Efficacy Across 3 Phase III Trials

 

KISQALI—it's not just living longer. It's living well.
Newly diagnosed patients with HR+/HER2- mBC expect a treatment that truly delivers on their goals: Living longer, living well.

NCCN Recommended

National Comprehensive Cancer Network® (NCCN®) now recognizes ribociclib (KISQALI®) + ET, a Category 1 preferred treatment option, for showing an OS BENEFIT IN 1L PATIENTS with HR+/HER2- mBC across endocrine therapy partners and menopausal status

Overall Survival Across the MONALEESA Phase III Trials

Only KISQALI—a proven first-line overall survival benefit, with preserved quality of life, across all 3 phase III trials
mOS data across the MONALEESA trials

1L refers to patients with mBC.

MONALEESA-2, a dedicated 1L randomized, double-blind, placebo-controlled phase III postmenopausal trial studying KISQALI + letrozole (n=334) vs placebo + letrozole (n=334) in postmenopausal patients with HR+/HER2- mBC who received no prior therapy for advanced disease: OS was a secondary end point; PFS was the primary end point. At a median follow-up of 80 months, median OS was 63.9 months with KISQALI + letrozole (95% CI: 52.4-71.0) vs 51.4 months with letrozole (95% CI: 47.2-59.7); HR=0.765 (95% CI: 0.628-0.932); P=0.004. At a median follow-up of 26 months, median TTD ≥10% was 27.7 months vs 27.6 months (HR=0.944 [95% CI: 0.720-1.237]).3,4,9-11

MONALEESA-7, a dedicated 1L randomized, double-blind, placebo-controlled phase III premenopausal trial studying KISQALI + ET (NSAI or tamoxifen) + goserelin vs placebo + ET (NSAI or tamoxifen) + goserelin (ITT) in premenopausal patients with HR+/HER2- mBC who received no prior ET for advanced disease.
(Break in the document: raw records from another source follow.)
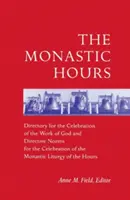 Kláštorné hodiny: Mníšske hodiny: Direktórium na slávenie Božieho diela a direktórium na slávenie mníšskej liturgie - The Monastic Hours: Directory for the Celebration of the Work of God and Directive Norms for the Celebration of the Monastic Liturgy of th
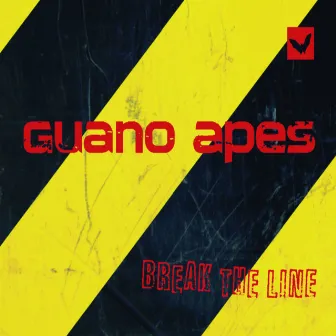 Break The Line by Guano Apes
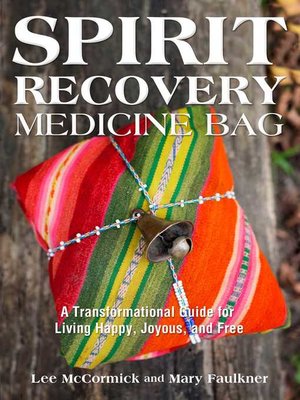 cover image of Spirit Recovery Medicine Bag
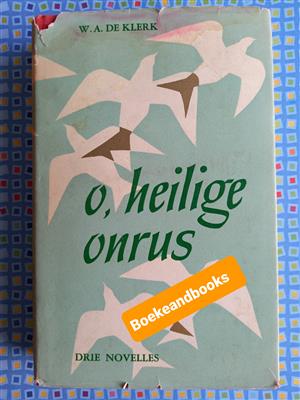 O, Heilige Onrus - WA De Klerk - Drie Novelles.
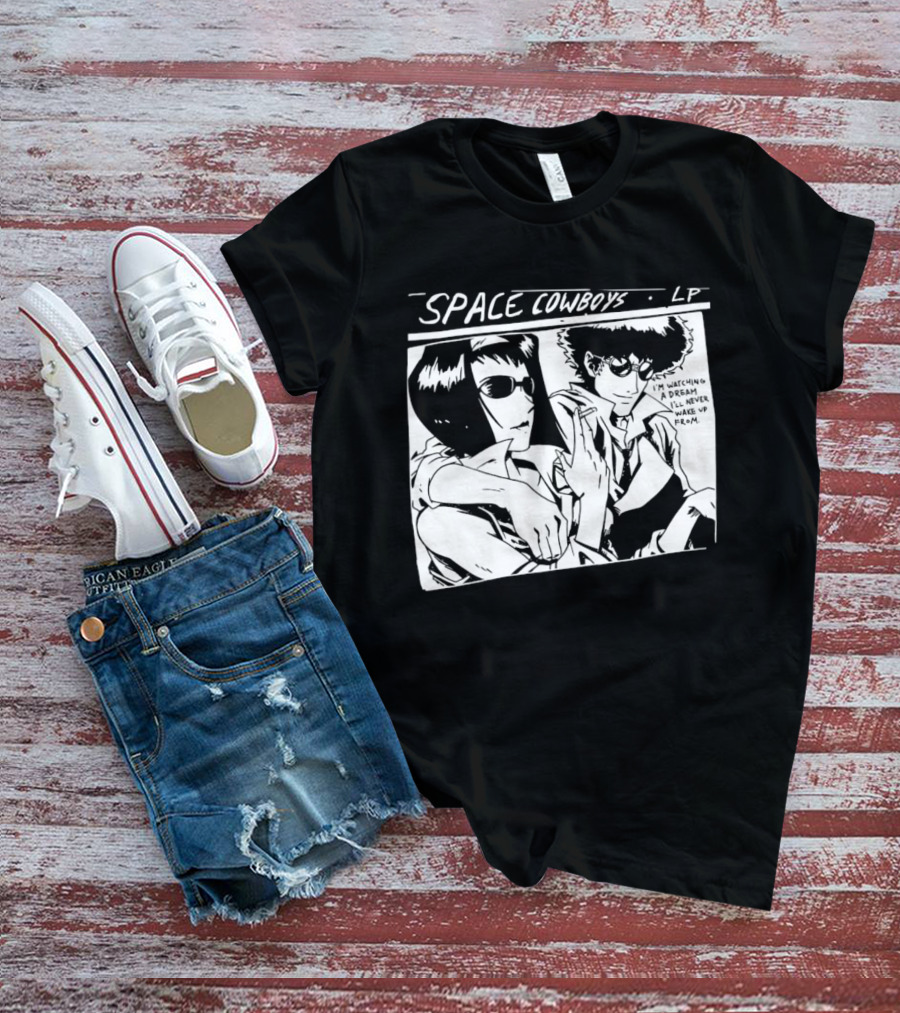 Cowboy Bebop Space Cowboys LP I'm Ing A Dream I'll Never Wake Up From T-Shirt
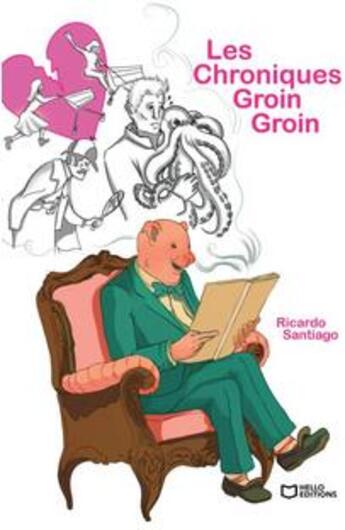 Couverture du livre « Les chroniques Groin-Groin » de Ricardo Santiago aux éditions Hello Editions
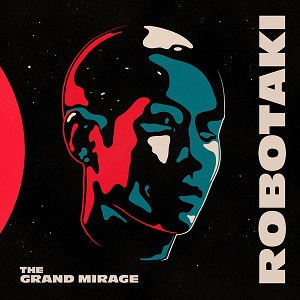 ROBOTAKI - THE GRAND MIRAGE (2020) ROBOTAKI - THE GRAND MIRAGE (2020)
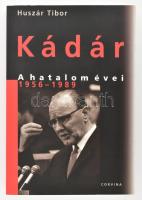 Huszár Tibor: Kádár. A hatalom évei 1956-1989. Bp., 2006. Corvina. Kiadói papírkötésben.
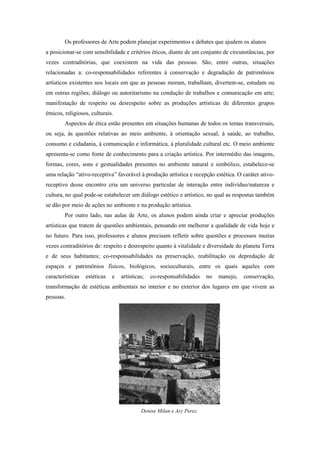 Os professores de Arte podem planejar experimentos e debates que ajudem os alunos
a posicionar-se com sensibilidade e critérios éticos, diante de um conjunto de circunstâncias, por
vezes contraditórias, que coexistem na vida das pessoas. São, entre outras, situações
relacionadas a: co-responsabilidades referentes à conservação e degradação de patrimônios
artísticos existentes nos locais em que as pessoas moram, trabalham, divertem-se, estudam ou
em outras regiões; diálogo ou autoritarismo na condução de trabalhos e comunicação em arte;
manifestação de respeito ou desrespeito sobre as produções artísticas de diferentes grupos
étnicos, religiosos, culturais.
        Aspectos de ética estão presentes em situações humanas de todos os temas transversais,
ou seja, às questões relativas ao meio ambiente, à orientação sexual, à saúde, ao trabalho,
consumo e cidadania, à comunicação e informática, à pluralidade cultural etc. O meio ambiente
apresenta-se como fonte de conhecimento para a criação artística. Por intermédio das imagens,
formas, cores, sons e gestualidades presentes no ambiente natural e simbólico, estabelece-se
uma relação “ativo-receptiva” favorável à produção artística e recepção estética. O caráter ativo-
receptivo desse encontro cria um universo particular de interação entre indivíduo/natureza e
cultura, no qual pode-se estabelecer um diálogo estético e artístico, no qual as respostas também
se dão por meio de ações no ambiente e na produção artística.
        Por outro lado, nas aulas de Arte, os alunos podem ainda criar e apreciar produções
artísticas que tratem de questões ambientais, pensando em melhorar a qualidade de vida hoje e
no futuro. Para isso, professores e alunos precisam refletir sobre questões e processos muitas
vezes contraditórios de: respeito e desrespeito quanto à vitalidade e diversidade do planeta Terra
e de seus habitantes; co-responsabilidades na preservação, reabilitação ou depredação de
espaços e patrimônios físicos, biológicos, socioculturais, entre os quais aqueles com
características   estéticas   e   artísticas;   co-responsabilidades   no   manejo,   conservação,
transformação de estéticas ambientais no interior e no exterior dos lugares em que vivem as
pessoas.




                                           Denise Milan e Ary Perez.
 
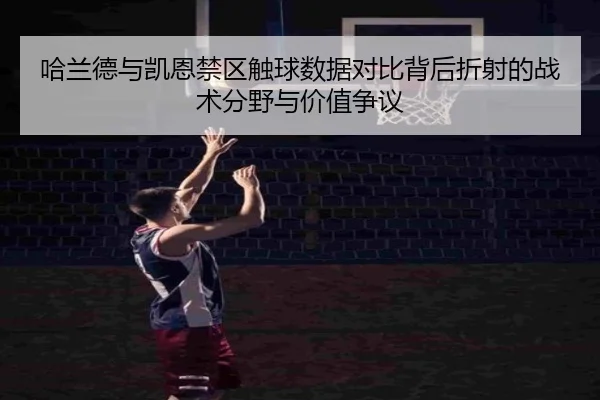哈兰德与凯恩禁区触球数据对比背后折射的战术分野与价值争议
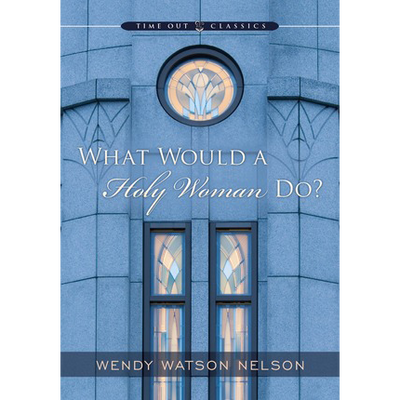 What Would a Holy Woman Do?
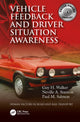 Book cover of: Vehicle Feedback and Driver Situation Awareness. By: Guy H. Walker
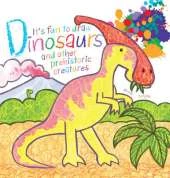 It's Fun to Draw Dinosaurs and Other Prehistoric Creatures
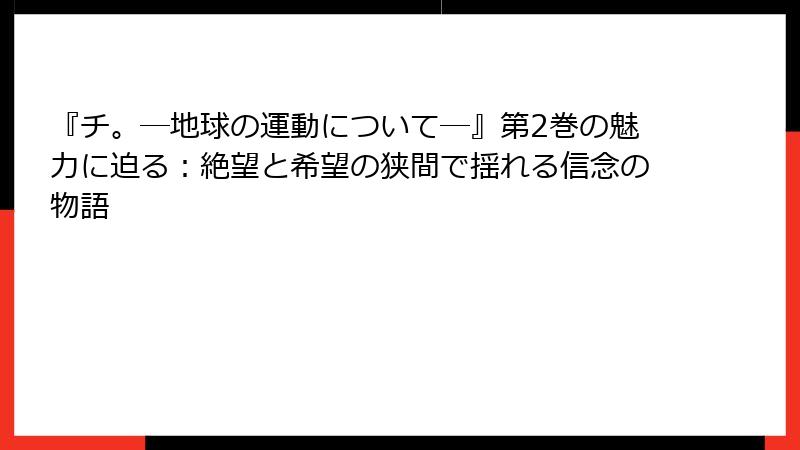 『チ。―地球の運動について―』第2巻の魅力に迫る：絶望と希望の狭間で揺れる信念の物語
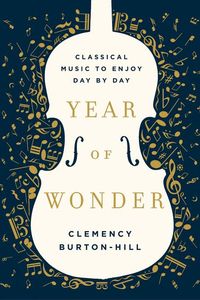 Bild vom Artikel Year of Wonder: Classical Music to Enjoy Day by Day vom Autor Clemency Burton-Hill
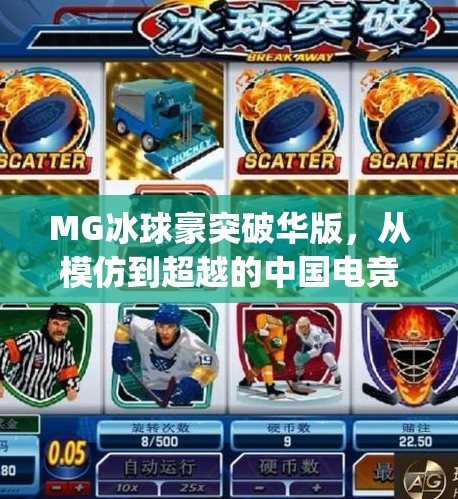 MG冰球豪突破华版，从模仿到超越的中国电竞崛起之路,mg冰球豪突破华版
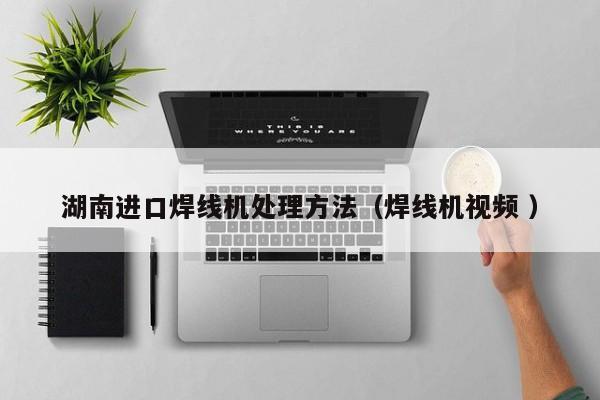 湖南進口焊線機處理方法（焊線機視頻 ）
KISQALI is not indicated for concomitant use with tamoxifen. OS was a secondary end point; PFS was the primary end point. At a median follow-up of 54 months (exploratory analysis), median OS was 58.7 months with KISQALI + NSAI + goserelin (95% CI: 48.5-NR) vs 47.7 months with NSAI + goserelin (95% CI: 41.2-55.4); HR=0.798 (95% CI: 0.615-1.035). At a median follow-up of 35 months, statistical significance was established for overall survival in the ITT population; HR=0.71 (95% CI: 0.54-0.95); P=0.00973. Results from the 54-month analyses were not prespecified and were observational in nature; as such, there was no prespecified statistical procedure controlling for type 1 error. At a median follow-up of 35 months, median TTD ≥10% was 34.2 months vs 23.3 months (HR=0.69 [95% CI: 0.52-0.91]).5,6,11-13

MONALEESA-3, a dedicated 1L and 2L randomized, double-blind, placebo-controlled phase III postmenopausal trial studying KISQALI + fulvestrant (n=484) vs placebo + fulvestrant (n=242) for the treatment of postmenopausal patients with HR+/HER2- mBC who have received no or only 1 line of prior ET for advanced disease: OS was a secondary end point; PFS was the primary end point. At a median follow-up of 71 months (exploratory analysis), in a 1L subgroup analysis, median OS was 67.6 months (95% CI: 59.6-NR) with KISQALI + fulvestrant vs 51.8 months with placebo + fulvestrant (95% CI: 40.4-61.2); HR=0.673 (95% CI: 0.504-0.899).  At a median follow-up of 39 months, statistical significance was established for overall survival in the ITT population; HR=0.724 (95% CI: 0.568-0.924); P=0.00455. At a median follow-up of 39 months, median TTD ≥10% was 35.9 months vs 33.1 months; HR=0.81 (95% CI: 0.62-1.06) Results from the 56-month analyses were not prespecified and were observational in nature; as such, there was no prespecified statistical procedure controlling for type 1 error. 7,8,11,14,15

Quality of life was assessed using the EORTC QLQ-C30 questionnaire—a validated tool used worldwide to assess quality of life in patients with cancer.6,8,16

  • Quality of life was a secondary end point measured by patient-reported outcomes and was assessed at baseline and throughout treatment
  • Time to deterioration was defined as a decline of at least 10% of the global health status/QOL scale score
  • There was no prespecified statistical procedure controlling for type 1 error
  • The EORTC QLQ-C30 incorporates 5 functional scales (physical, role, cognitive, emotional, and social), 3 symptom scales (fatigue, pain, and nausea and vomiting), a global health status/QOL scale, and a number of single items assessing additional symptoms commonly reported by cancer patients (dyspnea, loss of appetite, insomnia, constipation, and diarrhea) and perceived financial impact of the disease17

Dr Gabriel Hortobagyi discusses proven overall survival with KISQALI across 3 phase III trials

 

For information about KISQALI + AI in postmenopausal patients, continue to the next page >

 

1L=first line; AI=aromatase inhibitor; EORTC QLQ-C30=European Organisation for Research and Treatment of Cancer Quality of Life Questionnaire-Core 30; ET=endocrine therapy; HR=hazard ratio; ITT=intent to treat; mBC=metastatic breast cancer; mOS=median overall survival; NR=not reached; NSAI=nonsteroidal aromatase inhibitor; OS=overall survival; PFS=progression-free survival; QOL=quality of life; TTD=time to deterioration.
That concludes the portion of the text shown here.